*** Block opens ***
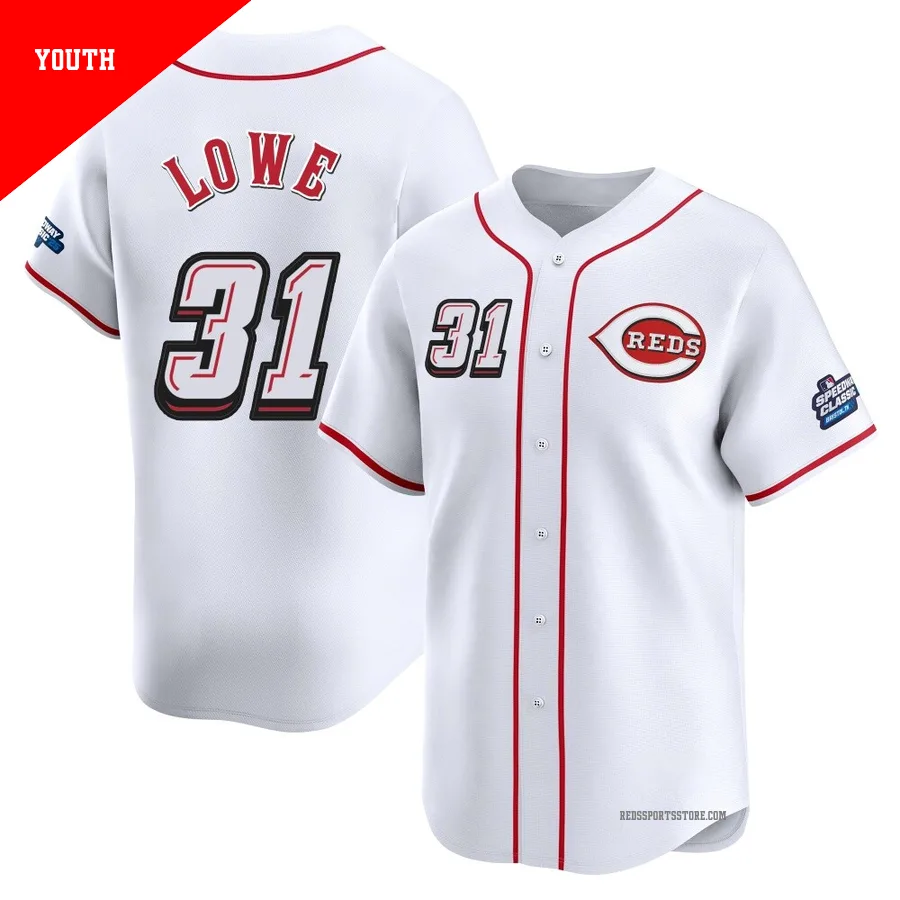 Cincinnati Reds ＃31 Nathaniel Lowe Youth White Limited 2025 Speedway Classic Alternate Jersey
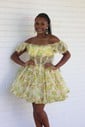 Puffy Square Neck Skater Floral Print Homecoming Dresses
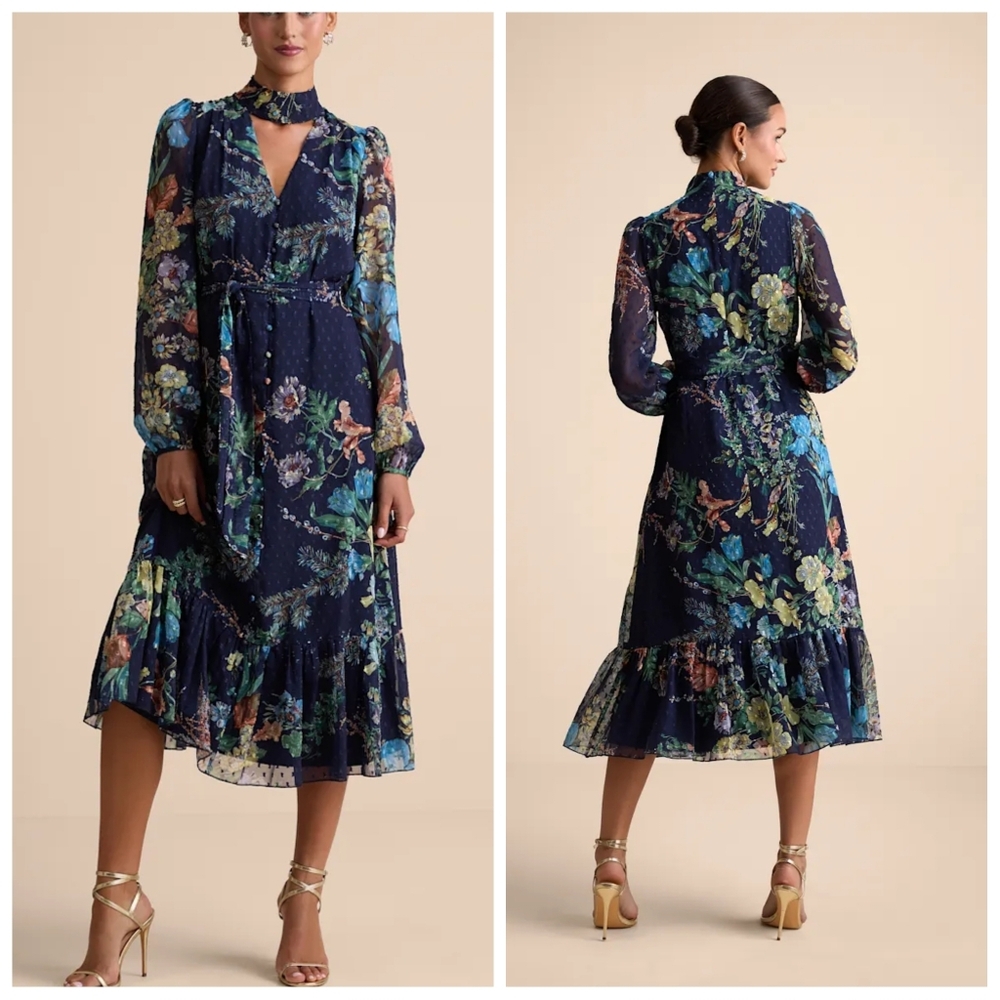 Lulus Fallyn Navy Floral Swiss Dot Long Sleeve Tiered Midi Dress | L | NWT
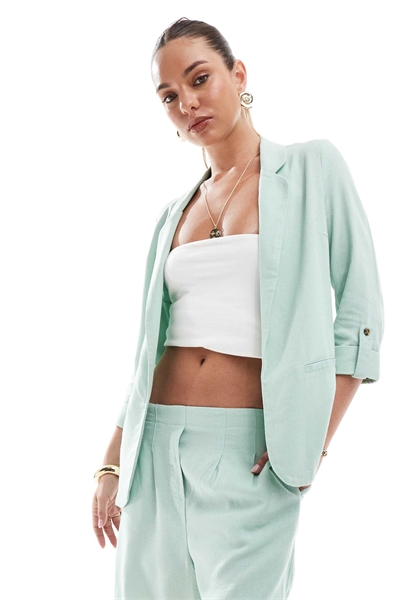 Блейзер с эффектом льна, скроенный по фигуре co-ord артикул 141662682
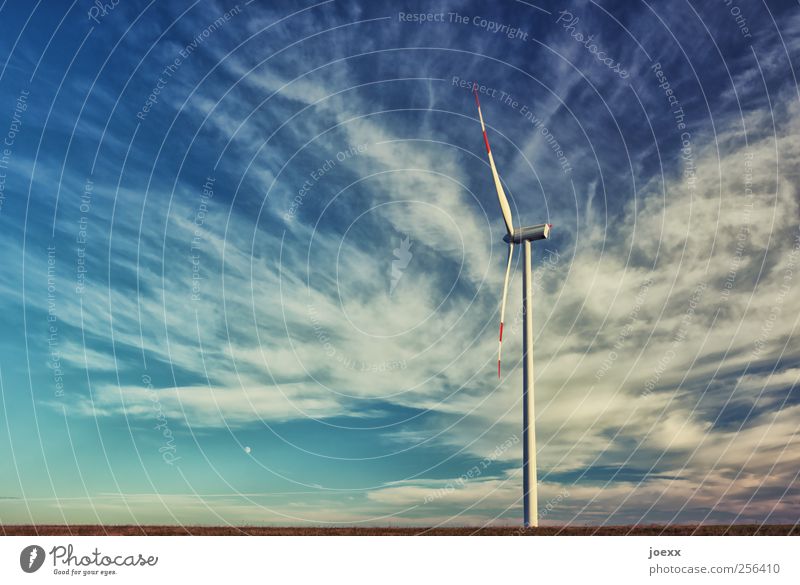 standstill Renewable energy Wind energy plant Sky Clouds Beautiful weather Rotate Large Blue White Energy Horizon Environmental protection Future Rotor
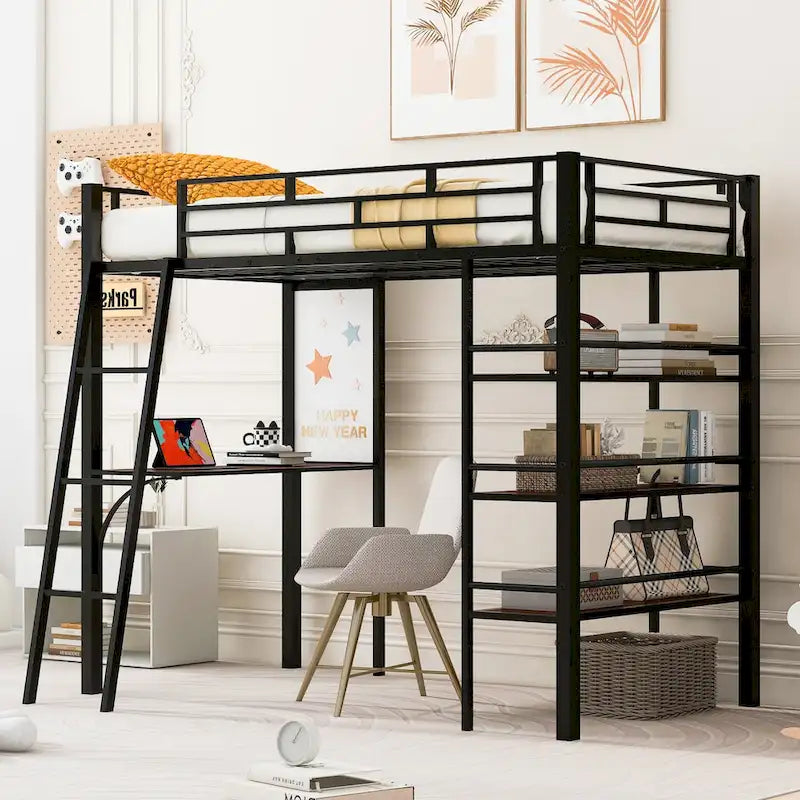 Twin Metal Loft Bed with Built-in Desk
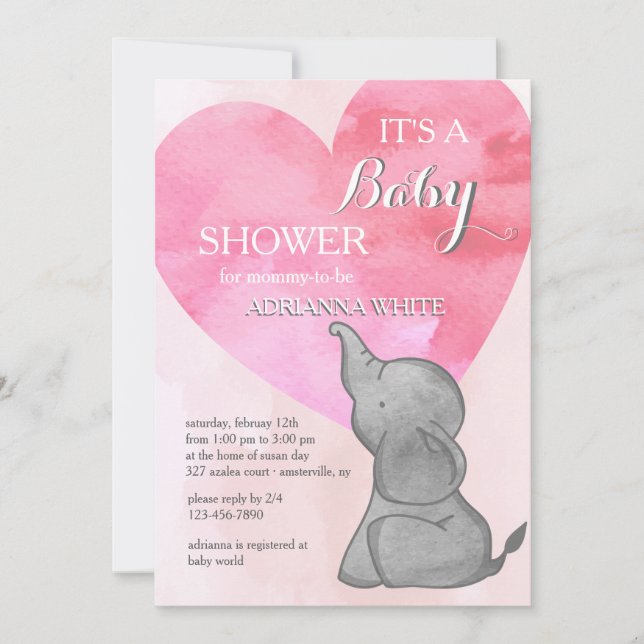 Elephant Love Invitation (Front)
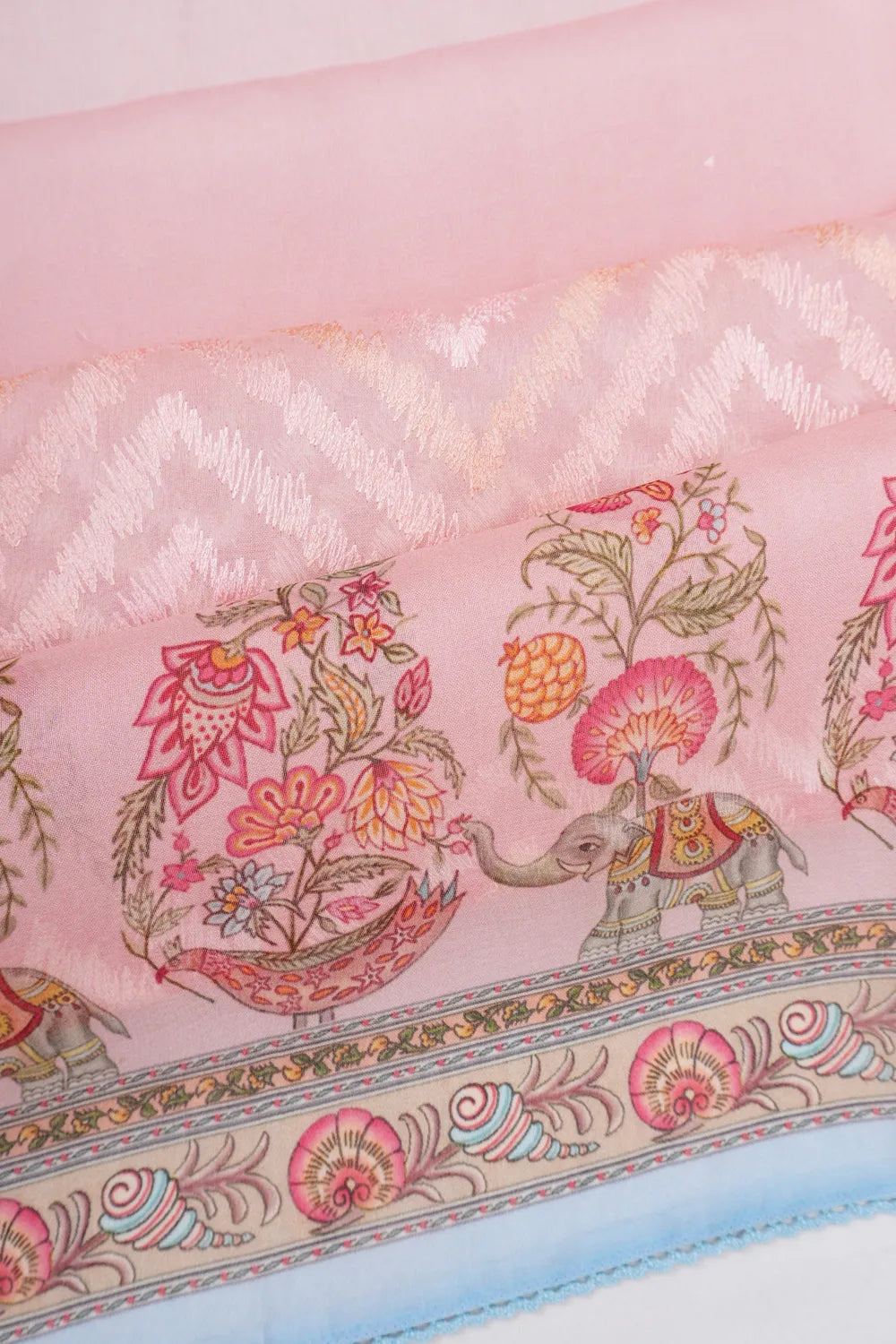 Organza Brocade Pink Saree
*** Block closes ***
WORK TASK => With pictures excluded, the lines running from the one containing "Elephant Love Invitation (Front)" through the last line of the records above are to be restated exactly and in full.

TASK RESPONSE =>
 Elephant Love Invitation (Front)
 Organza Brocade Pink Saree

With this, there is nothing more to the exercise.